K-Means Clustering Cheat Sheet | Techma Zone Study Lab

Algorithm Steps

Initialize: Choose $K$ centroids $\mu_1, \mu_2, \ldots, \mu_K$ (randomly or via K-Means++)
Assign: Assign each point $x_i$ to the nearest centroid: $$c_i = \arg\min_k \| x_i - \mu_k \|^2$$
Update: Recompute each centroid as the mean of its assigned points: $$\mu_k = \frac{1}{|C_k|} \sum_{x_i \in C_k} x_i$$
Repeat: Iterate steps 2-3 until centroids converge (no change) or maximum iterations reached

Time complexity: $O(n \cdot K \cdot d \cdot t)$ where $n$ = samples, $d$ = dimensions, $t$ = iterations.

Key Formulas

Objective (WCSS):

J = \sum_{k=1}^{K} \sum_{x_i \in C_k} \| x_i - \mu_k \|^2

Centroid Update:

\mu_k = \frac{1}{|C_k|} \sum_{x_i \in C_k} x_i

Euclidean Distance:

d(x, y) = \sqrt{\sum_{j=1}^{d} (x_j - y_j)^2}

Manhattan Distance:

d(x, y) = \sum_{j=1}^{d} |x_j - y_j|

Cosine Distance:

d(x, y) = 1 - \frac{x \cdot y}{\|x\| \|y\|}

K-Means++ Initialization

Choose the first centroid $\mu_1$ uniformly at random from the data
For each point $x_i$, compute the distance to the nearest chosen centroid: $$D(x_i) = \min_{j \in \{1,...,c\}} \| x_i - \mu_j \|^2$$
Select next centroid with probability proportional to $D(x_i)^2$: $$P(x_i) = \frac{D(x_i)^2}{\sum_{x \in X} D(x)^2}$$
Repeat steps 2-3 until $K$ centroids are chosen

K-Means++ guarantees $O(\log K)$ competitive ratio for the objective function compared to optimal.

Choosing K

Elbow Method:

Plot $J(K) = \sum_{k=1}^{K} \sum_{x_i \in C_k} \|x_i - \mu_k\|^2$ vs. $K$, pick the "elbow" point

Silhouette Score:

s(i) = \frac{b(i) - a(i)}{\max(a(i), b(i))}

Where:

$a(i)$ = mean intra-cluster distance, $b(i)$ = mean nearest-cluster distance

Gap Statistic:

\text{Gap}(K) = E[\log W_K^*] - \log W_K

Rule:

Choose smallest $K$ such that $\text{Gap}(K) \geq \text{Gap}(K+1) - s_{K+1}$

Silhouette score ranges from $-1$ (wrong cluster) to $+1$ (well-matched). Values near $0$ indicate overlapping clusters.

Evaluation Metrics

Inertia (WCSS):

\text{Inertia} = \sum_{k=1}^{K} \sum_{x_i \in C_k} \|x_i - \mu_k\|^2

Silhouette Avg:

\bar{s} = \frac{1}{n} \sum_{i=1}^{n} s(i), \quad s(i) \in [-1, 1]

Calinski-Harabasz:

\text{CH} = \frac{\text{tr}(B_K)}{\text{tr}(W_K)} \cdot \frac{n - K}{K - 1}

Davies-Bouldin:

\text{DB} = \frac{1}{K} \sum_{k=1}^{K} \max_{k \neq l} \frac{S_k + S_l}{d(\mu_k, \mu_l)}

Higher CH = better. Lower DB = better. $B_K$ = between-cluster dispersion, $W_K$ = within-cluster dispersion, $S_k$ = avg distance in cluster $k$.

Variants

Mini-Batch K-Means:

Uses random subsets (mini-batches) per iteration. Faster for large datasets: $O(b \cdot K \cdot d \cdot t)$

K-Medoids (PAM):

\mu_k = \arg\min_{x_i \in C_k} \sum_{x_j \in C_k} d(x_i, x_j)

K-Medians:

Uses median instead of mean; robust to outliers. Uses $L_1$ (Manhattan) distance.

Bisecting K-Means:

Hierarchical: start with 1 cluster, repeatedly split the cluster with highest SSE using 2-means.

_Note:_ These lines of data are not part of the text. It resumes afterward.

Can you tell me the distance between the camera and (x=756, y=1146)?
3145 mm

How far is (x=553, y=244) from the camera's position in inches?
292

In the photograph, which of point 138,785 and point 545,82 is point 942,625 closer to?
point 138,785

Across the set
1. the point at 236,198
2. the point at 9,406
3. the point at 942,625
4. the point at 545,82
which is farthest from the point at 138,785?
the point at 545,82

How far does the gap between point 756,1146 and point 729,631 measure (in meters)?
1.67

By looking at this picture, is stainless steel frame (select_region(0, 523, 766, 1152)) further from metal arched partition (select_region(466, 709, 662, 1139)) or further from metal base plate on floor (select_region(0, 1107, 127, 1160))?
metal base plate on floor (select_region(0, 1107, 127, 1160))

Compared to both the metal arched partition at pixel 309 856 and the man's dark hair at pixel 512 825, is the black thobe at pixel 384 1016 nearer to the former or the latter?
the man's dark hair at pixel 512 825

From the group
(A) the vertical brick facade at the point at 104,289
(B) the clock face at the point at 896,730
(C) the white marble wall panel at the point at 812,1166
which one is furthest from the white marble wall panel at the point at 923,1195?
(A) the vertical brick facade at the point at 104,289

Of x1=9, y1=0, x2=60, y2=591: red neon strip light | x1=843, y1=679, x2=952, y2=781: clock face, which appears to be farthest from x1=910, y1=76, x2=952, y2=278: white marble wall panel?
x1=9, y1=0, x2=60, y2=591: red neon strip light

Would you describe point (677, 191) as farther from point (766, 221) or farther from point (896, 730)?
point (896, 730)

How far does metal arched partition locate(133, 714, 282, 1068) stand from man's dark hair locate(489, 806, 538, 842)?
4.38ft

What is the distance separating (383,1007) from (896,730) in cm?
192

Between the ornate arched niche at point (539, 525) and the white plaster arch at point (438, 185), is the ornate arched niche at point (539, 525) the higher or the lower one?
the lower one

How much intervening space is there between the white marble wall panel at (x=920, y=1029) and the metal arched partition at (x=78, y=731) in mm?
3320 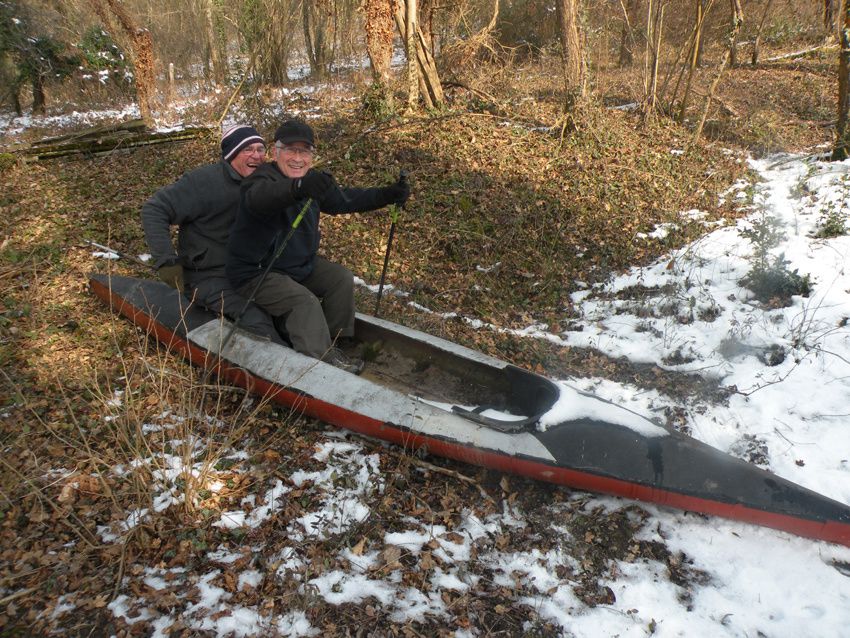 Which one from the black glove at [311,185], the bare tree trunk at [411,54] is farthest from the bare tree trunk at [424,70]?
the black glove at [311,185]

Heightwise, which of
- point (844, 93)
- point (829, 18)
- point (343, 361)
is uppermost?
point (829, 18)

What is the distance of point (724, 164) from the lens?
8.88m

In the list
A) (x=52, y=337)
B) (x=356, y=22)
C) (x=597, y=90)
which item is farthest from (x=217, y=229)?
(x=356, y=22)

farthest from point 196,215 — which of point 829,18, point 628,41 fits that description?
point 829,18

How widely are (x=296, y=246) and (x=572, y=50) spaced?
7.26 metres

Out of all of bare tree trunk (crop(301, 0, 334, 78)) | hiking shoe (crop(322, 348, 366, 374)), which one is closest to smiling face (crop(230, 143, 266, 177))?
hiking shoe (crop(322, 348, 366, 374))

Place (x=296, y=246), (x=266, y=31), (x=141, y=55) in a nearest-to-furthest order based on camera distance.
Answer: (x=296, y=246)
(x=141, y=55)
(x=266, y=31)

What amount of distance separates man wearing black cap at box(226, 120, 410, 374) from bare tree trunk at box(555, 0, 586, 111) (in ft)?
20.3

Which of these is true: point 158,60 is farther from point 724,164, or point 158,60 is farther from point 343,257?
point 724,164

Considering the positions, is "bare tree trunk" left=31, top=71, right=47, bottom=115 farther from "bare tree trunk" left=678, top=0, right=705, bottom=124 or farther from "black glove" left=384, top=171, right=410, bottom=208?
"bare tree trunk" left=678, top=0, right=705, bottom=124

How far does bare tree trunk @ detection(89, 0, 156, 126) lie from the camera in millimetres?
11298

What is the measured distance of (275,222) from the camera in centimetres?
410

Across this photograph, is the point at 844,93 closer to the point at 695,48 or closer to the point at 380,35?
the point at 695,48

K-Medoids uses actual data points as centers, making it more robust to outliers than standard K-Means.

Assumptions & Limitations

Assumptions:

Clusters are spherical (isotropic) and roughly equal in size
Each cluster has similar variance (equal spread)
Number of clusters $K$ is known a priori
Data points belong to exactly one cluster (hard assignment)

Limitations:

Sensitive to initialization - can converge to local minima
Cannot detect non-convex or irregularly shaped clusters
Sensitive to outliers (they pull centroids away)
Assumes clusters of similar density and size
Does not work well with high-dimensional sparse data

vs Other Clustering

Feature	K-Means	DBSCAN	Hierarchical	GMM
Cluster Shape	Spherical	Arbitrary	Arbitrary	Elliptical
Requires $K$	Yes	No	Optional	Yes
Handles Outliers	Poor	Good (noise label)	Poor	Moderate
Assignment	Hard	Hard + noise	Hard	Soft (probabilistic)
Scalability	$O(nKd)$	$O(n \log n)$	$O(n^2 \log n)$	$O(nK d^2)$

Common Mistakes

Not scaling features: K-Means uses distance, so features on different scales will dominate. Always standardize first: $z = \frac{x - \mu}{\sigma}$
Wrong K: Blindly picking $K$ without elbow/silhouette analysis leads to poor clusters
Single run: K-Means is non-deterministic; always run multiple times (e.g., n_init=10) and pick the best $J$
Ignoring convergence: Not checking if the algorithm actually converged before using results
Using on categorical data: K-Means requires numerical features; use K-Modes for categorical data
Assuming equal importance: Not weighting features appropriately before clustering
Ignoring outliers: Outliers heavily distort centroids; consider removing or using K-Medoids

Interview Quick-Fire

Q: What is the objective function of K-Means?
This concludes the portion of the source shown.